La histopatología es el estudio del tejido fijado y procesado para su análisis microscópico. Permite caracterizar la naturaleza de una lesión, establecer su diagnóstico definitivo y, en el caso de las neoplasias, evaluar el grado y los márgenes quirúrgicos. Es el estudio de referencia para la confirmación diagnóstica.
¿Para qué sirve?
A diferencia de la citología, la histopatología conserva la arquitectura del tejido, lo que permite valorar criterios que la citología no alcanza: patrón de crecimiento, invasión, relación con los tejidos vecinos y estado de los bordes de resección. Sobre el material histopatológico puede realizarse además inmunohistoquímica para precisar el origen o el inmunofenotipo de la lesión.
¿Cómo fijar la muestra?
Fijar en formol bufferado neutro al 10%.
Emplear un volumen de formol equivalente a 10 veces el tamaño de la muestra, para asegurar una fijación adecuada.
Mantener la muestra en formol al menos 24 horas antes del envío, garantizando así su correcta fijación y evitando que, ante un eventual derrame durante el transporte, el tejido quede sin fijador.
Consideraciones importantes
Esta muestra es exclusivamente para estudio histopatológico e inmunohistoquímica. El tejido fijado en formol no sirve para citología ni para ningún otro estudio.

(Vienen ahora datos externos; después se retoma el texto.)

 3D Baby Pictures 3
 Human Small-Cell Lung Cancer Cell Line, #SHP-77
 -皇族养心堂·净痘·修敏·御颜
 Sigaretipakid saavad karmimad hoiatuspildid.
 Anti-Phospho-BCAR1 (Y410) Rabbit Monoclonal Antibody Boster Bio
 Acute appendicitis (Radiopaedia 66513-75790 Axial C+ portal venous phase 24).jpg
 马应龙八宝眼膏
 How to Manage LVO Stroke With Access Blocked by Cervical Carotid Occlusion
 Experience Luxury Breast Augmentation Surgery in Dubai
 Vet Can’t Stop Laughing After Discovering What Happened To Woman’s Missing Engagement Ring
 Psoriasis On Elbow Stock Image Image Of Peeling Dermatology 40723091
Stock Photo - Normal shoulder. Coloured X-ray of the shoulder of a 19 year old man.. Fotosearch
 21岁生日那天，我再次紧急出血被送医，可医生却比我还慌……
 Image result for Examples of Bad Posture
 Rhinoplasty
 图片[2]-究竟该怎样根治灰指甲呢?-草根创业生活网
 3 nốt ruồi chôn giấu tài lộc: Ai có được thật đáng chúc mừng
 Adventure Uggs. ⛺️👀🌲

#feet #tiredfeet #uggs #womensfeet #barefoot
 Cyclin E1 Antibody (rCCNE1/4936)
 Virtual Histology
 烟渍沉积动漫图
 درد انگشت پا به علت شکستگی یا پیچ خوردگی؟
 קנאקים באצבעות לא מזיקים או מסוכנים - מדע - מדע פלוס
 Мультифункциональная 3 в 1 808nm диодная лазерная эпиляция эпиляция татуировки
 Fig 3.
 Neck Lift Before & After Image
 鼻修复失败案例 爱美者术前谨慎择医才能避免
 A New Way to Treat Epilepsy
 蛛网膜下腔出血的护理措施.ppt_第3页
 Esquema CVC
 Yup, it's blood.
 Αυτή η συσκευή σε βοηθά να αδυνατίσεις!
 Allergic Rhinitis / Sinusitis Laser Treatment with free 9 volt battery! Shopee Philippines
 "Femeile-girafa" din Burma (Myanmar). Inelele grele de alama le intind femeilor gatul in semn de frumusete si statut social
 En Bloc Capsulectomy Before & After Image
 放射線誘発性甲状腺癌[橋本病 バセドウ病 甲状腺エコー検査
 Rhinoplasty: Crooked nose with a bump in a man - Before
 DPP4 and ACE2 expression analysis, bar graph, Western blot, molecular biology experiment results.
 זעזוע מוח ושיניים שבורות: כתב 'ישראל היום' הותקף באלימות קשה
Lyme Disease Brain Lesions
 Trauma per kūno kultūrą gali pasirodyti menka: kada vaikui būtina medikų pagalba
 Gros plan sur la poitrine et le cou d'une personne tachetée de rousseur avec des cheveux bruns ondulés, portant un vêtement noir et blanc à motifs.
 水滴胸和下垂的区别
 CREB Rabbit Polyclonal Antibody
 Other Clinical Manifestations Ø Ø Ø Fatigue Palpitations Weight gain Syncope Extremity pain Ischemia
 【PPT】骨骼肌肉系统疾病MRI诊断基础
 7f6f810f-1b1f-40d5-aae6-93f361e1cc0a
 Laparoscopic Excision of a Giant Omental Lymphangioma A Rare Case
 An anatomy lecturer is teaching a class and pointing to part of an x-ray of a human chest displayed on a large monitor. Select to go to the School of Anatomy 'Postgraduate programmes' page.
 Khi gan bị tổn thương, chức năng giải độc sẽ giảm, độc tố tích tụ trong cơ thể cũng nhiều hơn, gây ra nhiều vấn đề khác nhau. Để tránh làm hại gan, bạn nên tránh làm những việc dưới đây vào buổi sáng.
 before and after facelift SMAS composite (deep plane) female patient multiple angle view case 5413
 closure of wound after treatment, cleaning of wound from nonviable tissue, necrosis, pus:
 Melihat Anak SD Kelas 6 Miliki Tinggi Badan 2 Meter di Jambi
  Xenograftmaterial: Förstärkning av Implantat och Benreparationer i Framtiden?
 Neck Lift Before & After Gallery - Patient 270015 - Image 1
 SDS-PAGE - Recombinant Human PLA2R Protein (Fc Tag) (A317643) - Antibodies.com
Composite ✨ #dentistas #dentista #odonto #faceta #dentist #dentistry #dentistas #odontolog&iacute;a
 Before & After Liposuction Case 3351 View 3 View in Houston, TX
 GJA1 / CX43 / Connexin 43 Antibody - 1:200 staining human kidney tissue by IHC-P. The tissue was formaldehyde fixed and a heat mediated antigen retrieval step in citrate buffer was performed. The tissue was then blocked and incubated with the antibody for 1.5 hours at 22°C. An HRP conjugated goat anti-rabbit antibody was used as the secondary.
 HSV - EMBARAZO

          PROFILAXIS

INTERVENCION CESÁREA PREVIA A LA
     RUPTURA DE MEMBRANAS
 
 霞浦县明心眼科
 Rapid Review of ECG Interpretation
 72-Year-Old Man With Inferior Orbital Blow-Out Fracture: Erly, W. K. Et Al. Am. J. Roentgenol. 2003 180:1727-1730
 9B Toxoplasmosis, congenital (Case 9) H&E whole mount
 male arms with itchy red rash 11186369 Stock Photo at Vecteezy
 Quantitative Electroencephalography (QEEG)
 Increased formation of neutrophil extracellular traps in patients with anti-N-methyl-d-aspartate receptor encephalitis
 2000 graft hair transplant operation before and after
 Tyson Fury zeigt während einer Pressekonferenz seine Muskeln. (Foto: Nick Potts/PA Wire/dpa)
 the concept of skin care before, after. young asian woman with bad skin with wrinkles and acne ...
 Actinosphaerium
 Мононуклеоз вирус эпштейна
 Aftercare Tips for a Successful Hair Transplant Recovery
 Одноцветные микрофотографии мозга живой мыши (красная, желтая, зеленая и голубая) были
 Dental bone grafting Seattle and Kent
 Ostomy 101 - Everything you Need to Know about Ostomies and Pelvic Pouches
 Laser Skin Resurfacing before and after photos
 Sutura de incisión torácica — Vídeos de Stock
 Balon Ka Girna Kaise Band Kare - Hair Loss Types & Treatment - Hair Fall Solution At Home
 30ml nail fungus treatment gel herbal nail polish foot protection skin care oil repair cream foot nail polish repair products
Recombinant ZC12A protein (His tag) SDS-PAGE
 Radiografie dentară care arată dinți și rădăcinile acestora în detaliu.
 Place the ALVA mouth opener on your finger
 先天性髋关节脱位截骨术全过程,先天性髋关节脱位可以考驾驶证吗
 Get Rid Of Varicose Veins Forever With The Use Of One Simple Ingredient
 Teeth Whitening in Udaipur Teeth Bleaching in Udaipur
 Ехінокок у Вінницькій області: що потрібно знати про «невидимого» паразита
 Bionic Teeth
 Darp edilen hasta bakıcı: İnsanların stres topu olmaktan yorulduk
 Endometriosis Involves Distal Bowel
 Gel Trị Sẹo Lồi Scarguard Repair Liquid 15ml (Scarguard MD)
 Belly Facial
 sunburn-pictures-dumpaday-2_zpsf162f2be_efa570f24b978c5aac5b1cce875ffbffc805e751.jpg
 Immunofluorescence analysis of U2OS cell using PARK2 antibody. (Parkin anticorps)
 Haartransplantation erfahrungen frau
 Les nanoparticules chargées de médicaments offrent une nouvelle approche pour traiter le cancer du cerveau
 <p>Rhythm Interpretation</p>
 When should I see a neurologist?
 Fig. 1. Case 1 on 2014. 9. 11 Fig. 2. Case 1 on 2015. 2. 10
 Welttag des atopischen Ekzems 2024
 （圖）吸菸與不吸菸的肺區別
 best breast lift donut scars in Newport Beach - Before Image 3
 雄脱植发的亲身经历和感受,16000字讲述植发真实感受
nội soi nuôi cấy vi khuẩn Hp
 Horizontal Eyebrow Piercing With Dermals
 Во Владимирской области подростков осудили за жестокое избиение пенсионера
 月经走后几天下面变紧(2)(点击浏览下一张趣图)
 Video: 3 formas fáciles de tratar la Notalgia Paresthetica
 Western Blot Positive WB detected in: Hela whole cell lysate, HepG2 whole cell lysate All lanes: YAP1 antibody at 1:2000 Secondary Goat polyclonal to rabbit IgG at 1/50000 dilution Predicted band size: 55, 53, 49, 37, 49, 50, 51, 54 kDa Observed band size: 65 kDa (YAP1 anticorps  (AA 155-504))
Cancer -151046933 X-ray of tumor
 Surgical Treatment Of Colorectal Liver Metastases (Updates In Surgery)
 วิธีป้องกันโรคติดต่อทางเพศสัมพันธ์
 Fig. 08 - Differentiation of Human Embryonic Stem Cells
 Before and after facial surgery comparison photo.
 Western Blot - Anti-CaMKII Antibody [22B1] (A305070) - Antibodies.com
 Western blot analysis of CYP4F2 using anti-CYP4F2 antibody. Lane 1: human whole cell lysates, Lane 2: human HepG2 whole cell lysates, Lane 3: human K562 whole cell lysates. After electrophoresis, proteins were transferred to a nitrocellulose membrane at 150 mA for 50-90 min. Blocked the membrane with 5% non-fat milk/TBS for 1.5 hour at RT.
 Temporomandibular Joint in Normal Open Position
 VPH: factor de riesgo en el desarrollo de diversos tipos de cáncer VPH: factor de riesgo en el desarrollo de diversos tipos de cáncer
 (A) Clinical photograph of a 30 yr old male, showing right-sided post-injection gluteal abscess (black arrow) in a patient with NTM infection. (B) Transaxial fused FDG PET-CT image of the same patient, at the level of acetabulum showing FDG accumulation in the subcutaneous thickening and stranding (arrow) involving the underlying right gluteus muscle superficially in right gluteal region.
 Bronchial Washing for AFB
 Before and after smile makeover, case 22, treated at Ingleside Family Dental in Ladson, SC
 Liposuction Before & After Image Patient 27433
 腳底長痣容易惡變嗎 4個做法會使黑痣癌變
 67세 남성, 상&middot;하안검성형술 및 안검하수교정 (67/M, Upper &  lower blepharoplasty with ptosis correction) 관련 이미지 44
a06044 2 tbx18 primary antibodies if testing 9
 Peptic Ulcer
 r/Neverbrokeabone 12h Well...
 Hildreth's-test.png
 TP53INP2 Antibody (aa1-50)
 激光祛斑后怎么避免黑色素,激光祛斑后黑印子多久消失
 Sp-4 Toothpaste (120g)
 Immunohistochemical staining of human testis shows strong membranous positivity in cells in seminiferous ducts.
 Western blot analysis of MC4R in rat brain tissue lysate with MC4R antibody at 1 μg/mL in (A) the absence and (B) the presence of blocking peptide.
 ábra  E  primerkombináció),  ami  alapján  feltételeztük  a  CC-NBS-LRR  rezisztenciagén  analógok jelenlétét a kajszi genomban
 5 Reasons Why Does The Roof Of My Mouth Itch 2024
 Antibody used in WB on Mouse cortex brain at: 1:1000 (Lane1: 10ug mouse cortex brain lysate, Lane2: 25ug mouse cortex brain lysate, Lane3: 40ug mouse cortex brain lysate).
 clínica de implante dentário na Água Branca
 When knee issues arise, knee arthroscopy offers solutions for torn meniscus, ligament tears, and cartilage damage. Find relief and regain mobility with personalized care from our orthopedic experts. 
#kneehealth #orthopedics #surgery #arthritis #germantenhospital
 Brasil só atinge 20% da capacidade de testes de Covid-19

Es importante remitir la totalidad del tejido seccionado, no solo un fragmento de la lesión. El envío de la pieza completa permite evaluar los bordes quirúrgicos; al enviar únicamente una porción se pierde información valiosa sobre los márgenes de resección y la extensión real del proceso.
¿Cómo conservar y enviar la muestra?
Utilizar un recipiente de boca ancha que permita introducir y posteriormente extraer la pieza sin dañarla.
Asegurar que la muestra quede completamente cubierta por el formol.
Identificar el recipiente con los datos del paciente y de la lesión.
Remitir bien sellado para evitar derrames durante el transporte.